Afin de comprendre la rhétorique et la conduite contradictoire des partis démocrate et républicain, consultons un grand historien de la politique américaine, le trop peu connu Walter Karp. Pour Karp, la plus grave erreur était de supposer que « la motivation primordiale d’un parti politique… est de gagner des élections », de « construire une majorité victorieuse ». Dans son chef-d’oeuvre Indispensable Enemies («Ennemis indispensables»), Karp raconte d’innombrables exemples où l’un des deux partis majeurs, depuis toujours minoritaire dans tel ou tel État, ne fait aucun effort pour améliorer son statut face à l’opposition majoritaire. En cas extrême, « une organisation de parti locale tâche de battre son propre candidat », parfois en complicité avec le parti d’opposition. Pourquoi ça ? Parce que le contrôle interne du parti reste fondamental, au-delà de la « victoire » aux urnes. Karp cite l’exemple du sénateur Boies Penrose, boss du Parti républicain de la Pennsylvanie lors des deux premières décennies du vingtième siècle. Penrose, comme beaucoup d’autres chefs de l’époque, s’était trouvé confronté au puissant mouvement de réforme progressiste qui dominait alors. Préférant des candidats fidèles à ses intérêts et à ceux de ses alliés — surtout les intérêts concernant le clientélisme et la dépense des fonds publics —, Penrose refusa de désigner un candidat plus proche de la volonté populaire parce que cette espèce de politicien tenterait d’arracher le pouvoir de Penrose. Accusé par un militant républicain de ruiner le parti, Penrose a répondu : « Oui, mais je présiderai les ruines. »

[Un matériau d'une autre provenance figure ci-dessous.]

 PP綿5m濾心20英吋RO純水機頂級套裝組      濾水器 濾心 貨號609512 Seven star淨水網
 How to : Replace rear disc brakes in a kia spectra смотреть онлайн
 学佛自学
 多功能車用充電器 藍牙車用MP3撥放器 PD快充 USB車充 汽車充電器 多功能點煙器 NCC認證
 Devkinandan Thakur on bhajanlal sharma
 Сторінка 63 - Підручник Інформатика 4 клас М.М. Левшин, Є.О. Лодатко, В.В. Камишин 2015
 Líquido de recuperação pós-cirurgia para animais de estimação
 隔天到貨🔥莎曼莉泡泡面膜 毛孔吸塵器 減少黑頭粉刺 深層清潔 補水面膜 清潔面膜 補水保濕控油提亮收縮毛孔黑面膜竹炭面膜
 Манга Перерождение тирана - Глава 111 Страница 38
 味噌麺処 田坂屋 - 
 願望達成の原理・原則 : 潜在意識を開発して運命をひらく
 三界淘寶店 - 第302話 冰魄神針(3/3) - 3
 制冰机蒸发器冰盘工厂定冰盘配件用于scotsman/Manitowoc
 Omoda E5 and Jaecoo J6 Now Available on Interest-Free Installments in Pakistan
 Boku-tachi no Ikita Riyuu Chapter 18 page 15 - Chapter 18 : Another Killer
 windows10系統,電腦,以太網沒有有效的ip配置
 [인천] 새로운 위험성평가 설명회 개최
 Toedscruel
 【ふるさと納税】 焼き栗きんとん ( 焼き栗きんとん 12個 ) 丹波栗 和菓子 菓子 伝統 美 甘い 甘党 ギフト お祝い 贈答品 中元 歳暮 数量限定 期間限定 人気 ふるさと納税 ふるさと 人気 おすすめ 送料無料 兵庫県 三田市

Soyons clair : en 2016, un grand nombre des caciques du Parti démocrate ont préféré perdre avec Hillary Clinton plutôt que de gagner avec Sanders. Regardez bien les sondages faits début juin 2016, au moment où Sanders était sur le point de céder la place à Clinton : en moyenne, ils montraient Clinton avec à peu près deux points d’avance sur Trump dans l’élection générale et Sanders avec environ dix points. Cela remonte à des facteurs divers, mais une chose est irréfutable : Sanders avait battu Clinton dans les primaires du Wisconsin et du Michigan, États essentiels dans la victoire de Trump, avec le soutien de nombreux électeurs normalement démocrates, mais qui avaient été frappés par les accords de libre-échange promulgués par le président Bill Clinton.
Il faut lire Indispensable Enemies, malheureusement non traduit en français, pour apprécier combien les politiciens professionnels sont cyniques. En 1972, au milieu d’une révolte nationale contre la guerre du Vietnam, l’ancien gouverneur du Texas John Connally avait organisé le mouvement « Democrats for Nixon » dans le but de battre le candidat démocrate antiguerre et réformiste George McGovern ; en même temps, la confédération des syndicats AFL-CIO, très liée avec le Parti démocrate, déclara sa neutralité. Si Bernie Sanders arrive contre toute probabilité à décrocher l’investiture d’un parti qui le considère comme un virus, je ne dis pas qu’on créera « Democrats for Trump ». Mais on retrouvera sûrement, sous autres étendards bien financés, « Democrats Against Sanders ».